Enable via command-line:
python mysql-db-server.py --conn "mysql://user:password@host:port/database" --readonly
Enable via environment variable:
export DATABASE_READONLY="true"
python mysql-db-server.py --conn "mysql://user:password@host:port/database"
Check if read-only mode is enabled:
# Get tools from MCP client
tools = await client.get_tools()
server_info_tool = next((t for t in tools if t.name == "server_info"), None)
if server_info_tool:
result = await server_info_tool.ainvoke({})
print(result["readonly"]) # True if read-only mode is enabled
LangGraph Text-to-SQL Agent
The project includes a sophisticated LangGraph-based agent that converts natural language questions into SQL queries. The agent automatically explores the database schema, generates SQL queries, executes them, and refines queries if errors occur.
Features
- Intelligent Schema Exploration:
- Automatically identifies relevant tables using LLM analysis (skips LLM call for ≤3 tables)
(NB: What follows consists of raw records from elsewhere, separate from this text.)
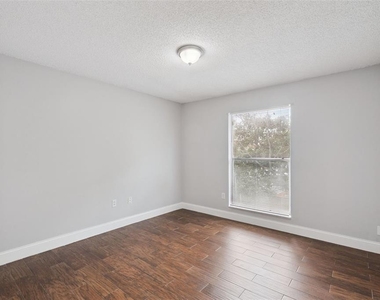 1847 Caralee Boulevard - Photo Thumbnail 12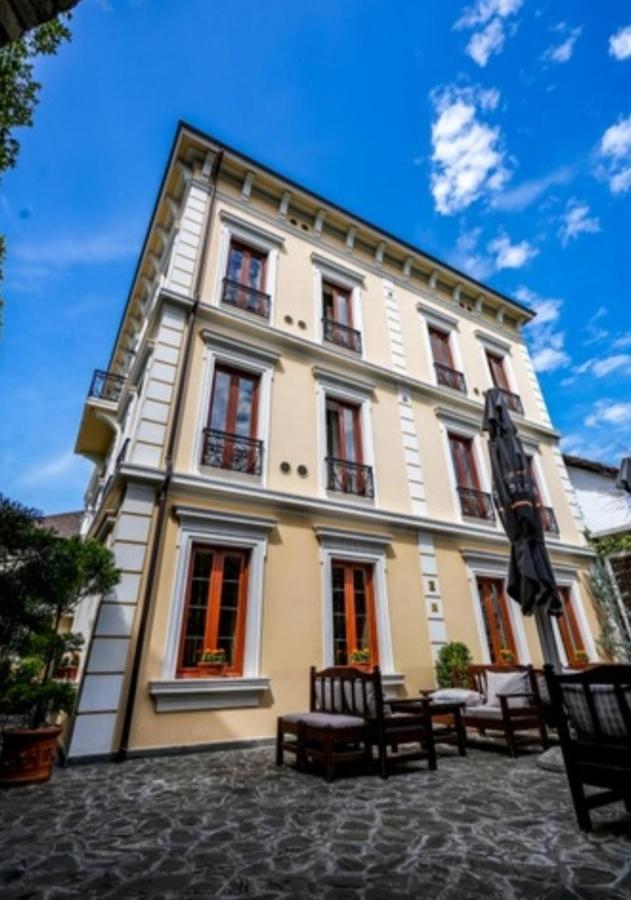 Hotel Guri Elbasan Kültér fotó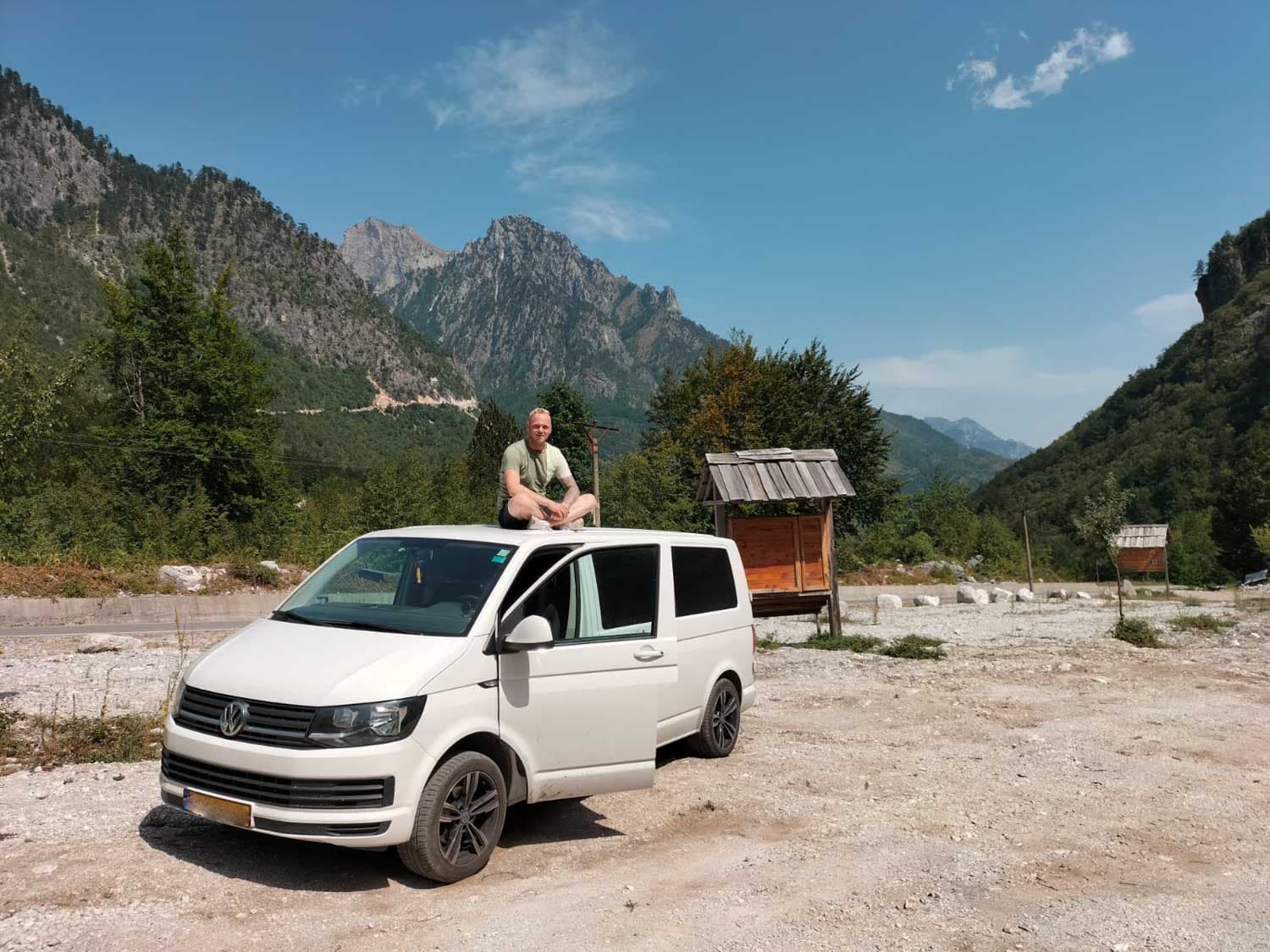 Rent a Car in Tirana Airport: 5 Things to Know First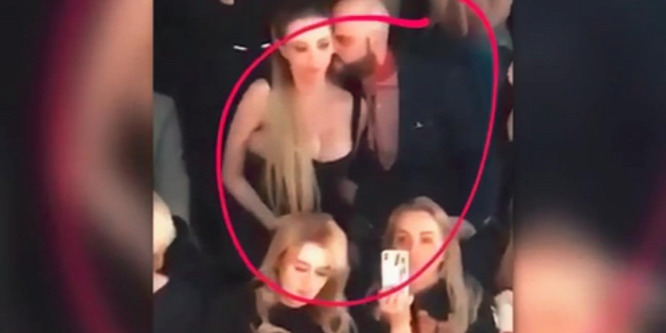A nézőtéren elégítette ki pasiját a híres énekesnő: videó (18+)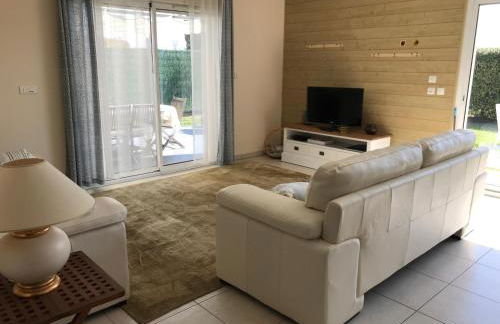 Belle Maison - Foto 15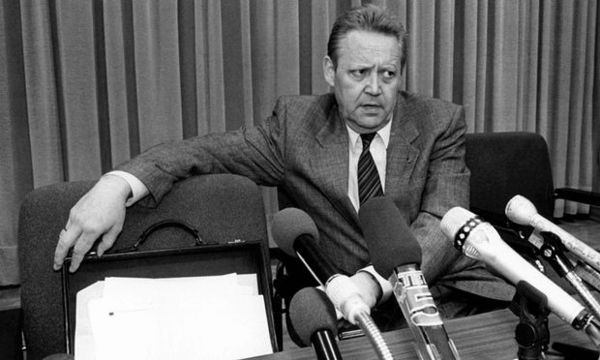 东德政治局委员君特·沙博夫斯基，因为他在一场新闻发布会上的失误，导致柏林墙倒塌，加速东德倒台 图片来自《卫报》网站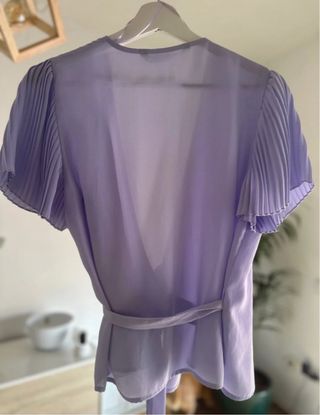 Blusa lila cruzada lazo escote
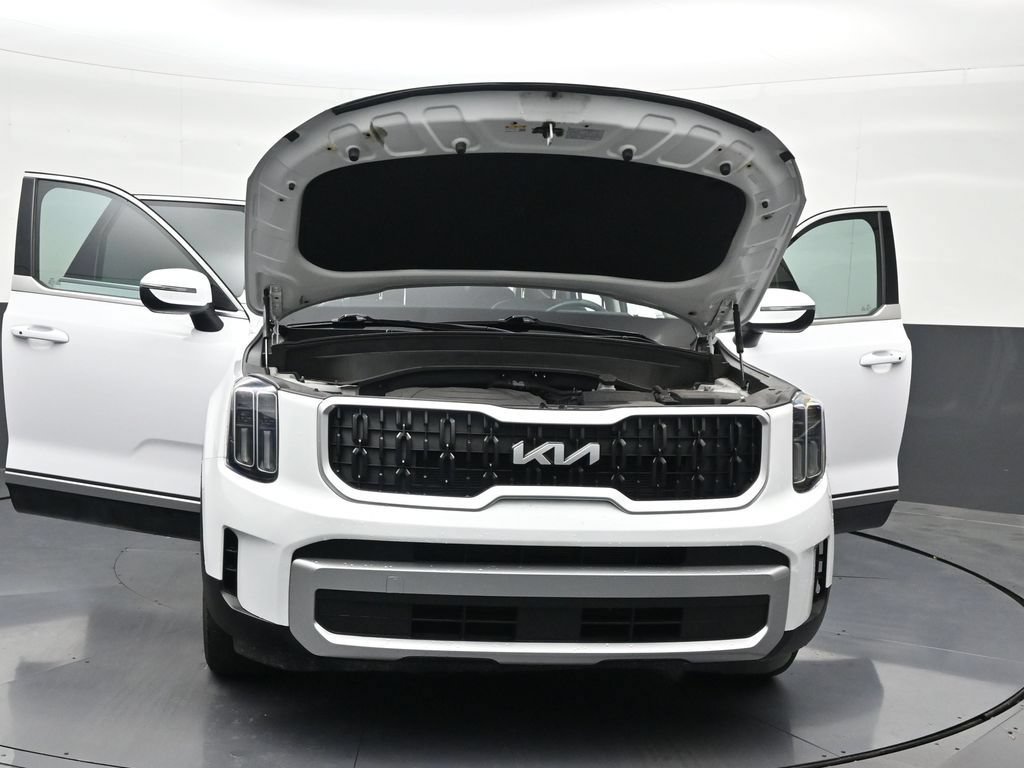 Used 2024 Kia Telluride LX FWD image 37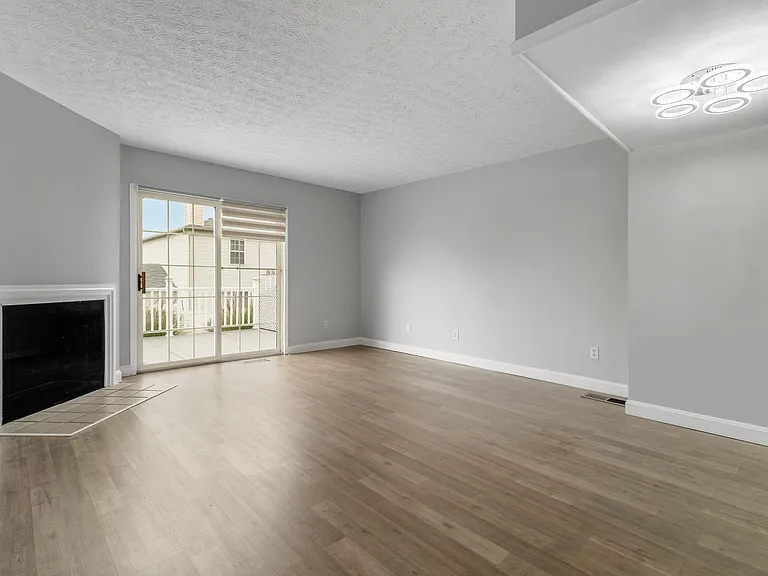 7374 Donovan Dr — Photo 13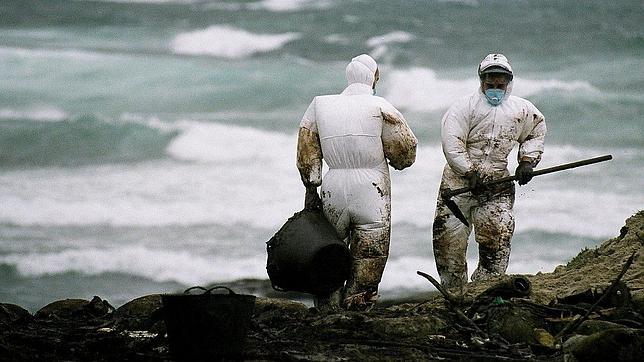 El «Prestige» provocó con las ventas de marisco lo que las vacas locas con las de carne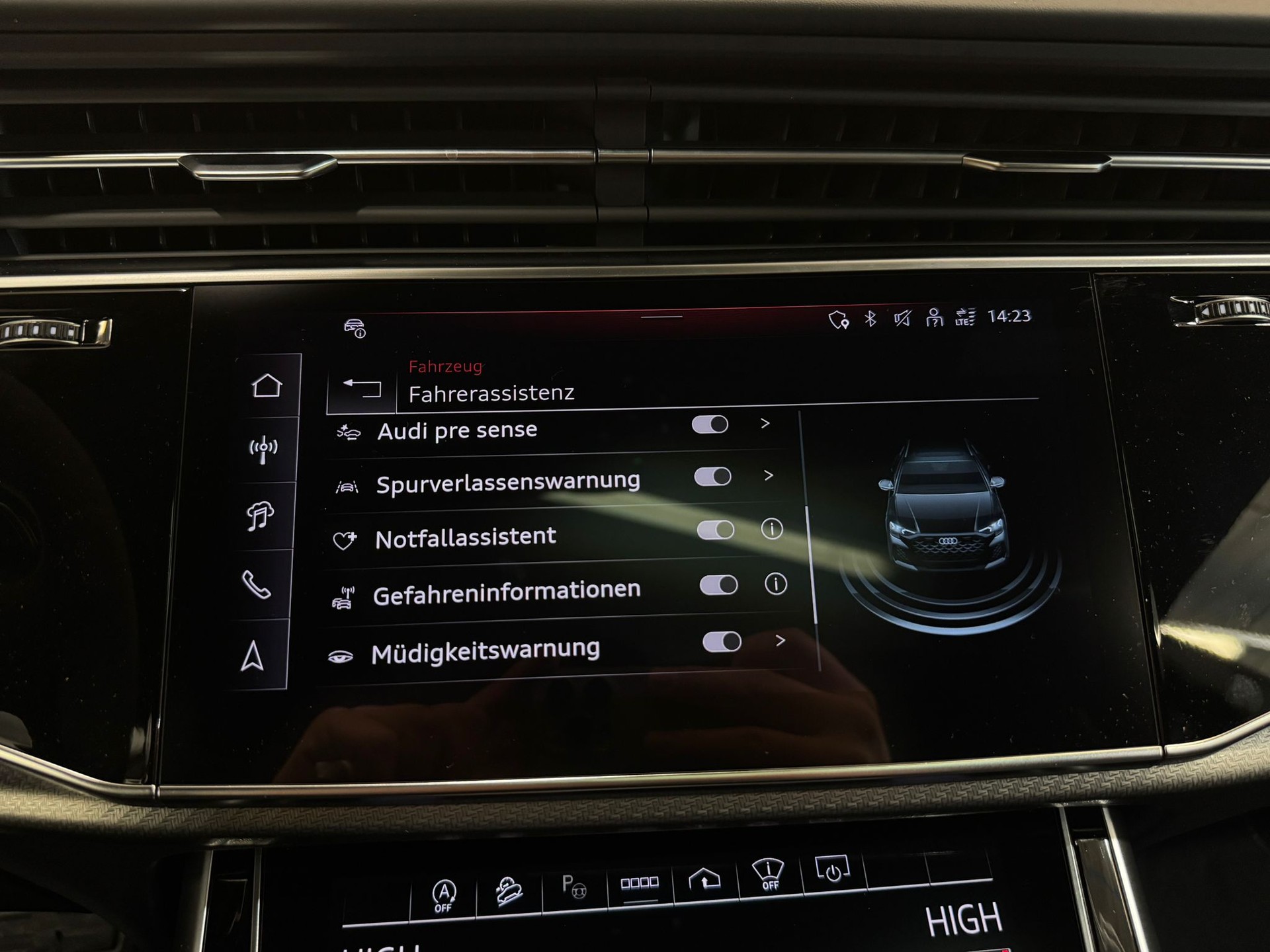 AUDI RSQ8 performance quattro *5 Jahre / 100'000km Werksgarantie & Gratis Service Paket*-image-26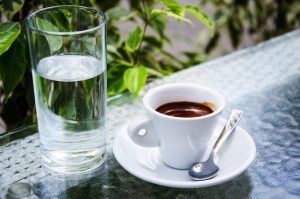 Woda z kranu staje się w Polsce coraz popularniejsza. Dostaniesz ją m.in. w restauracjach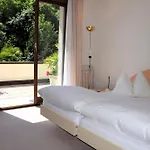 Siesta, Park & Pool Living 公寓式酒店 卢松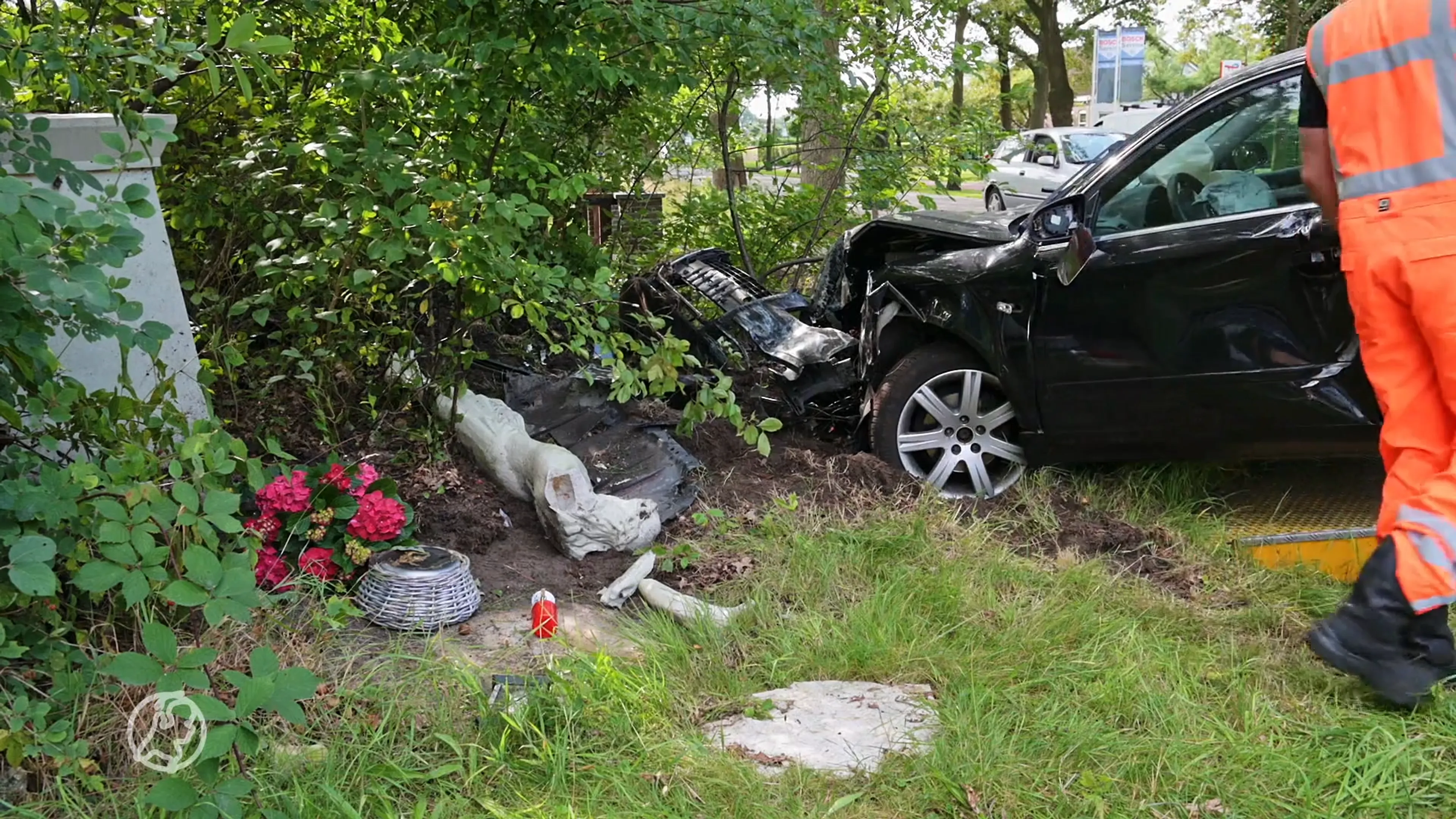 Jezus weer op aarde: beeld van voetstuk gereden bij ongeluk van kruisende auto's
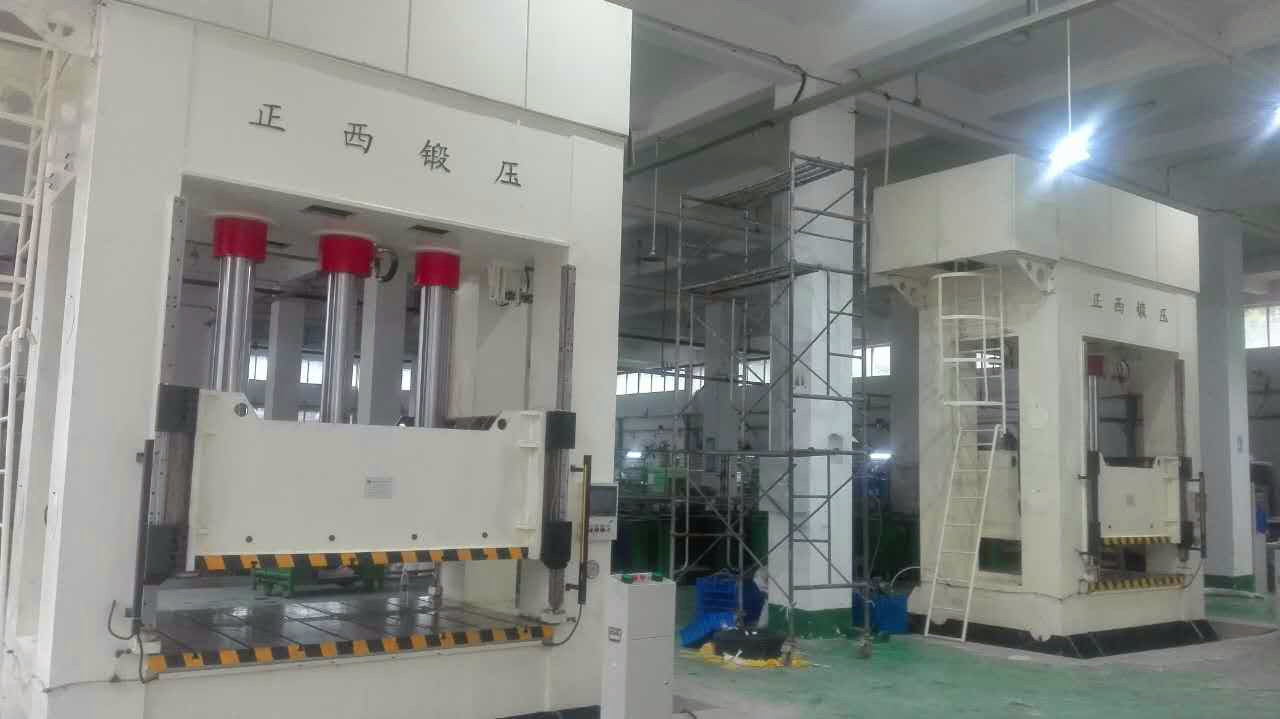 此批設備為重慶客戶一次性向我公司訂購的機器，在所有公司員工的努力下，我們在規(guī)定的時間內向客戶交貨并調試完成。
- Only explores tables needed for the query (much faster!)
- Describes table structures with exact column names
- Fetches foreign key relationships for better JOINs
- Caches schema information across queries (session-based)
- Query Validation:
- Validates that user queries are actually database questions before generating SQL
- Uses fast heuristics (set-based keyword matching) first, then LLM only for ambiguous cases
- Rejects gibberish, greetings, and non-database questions early
- Optimized to avoid LLM calls for 90%+ of cases
- Intelligent SQL Generation:
- Uses LLM with chain-of-thought reasoning for step-by-step query generation
- Handles multi-part questions (e.g., "find X and then find Y") with subqueries
- Window Function Support: Automatically uses window functions (ROW_NUMBER(), RANK(), DENSE_RANK(), LAG(), LEAD(), SUM() OVER, etc.) for appropriate scenarios like "top N per group", rankings within groups, comparing rows, running totals, percentiles, moving averages
- Tie Handling: Correctly handles ties in "most/least" queries by returning ALL entities with max/min value
- Validates SQL syntax and auto-fixes simple issues
- Confidence Scoring & Auto-Refinement:
- Calculates confidence scores based on actual query execution results
- Explicitly checks if SQL answers the question (not just syntax correctness)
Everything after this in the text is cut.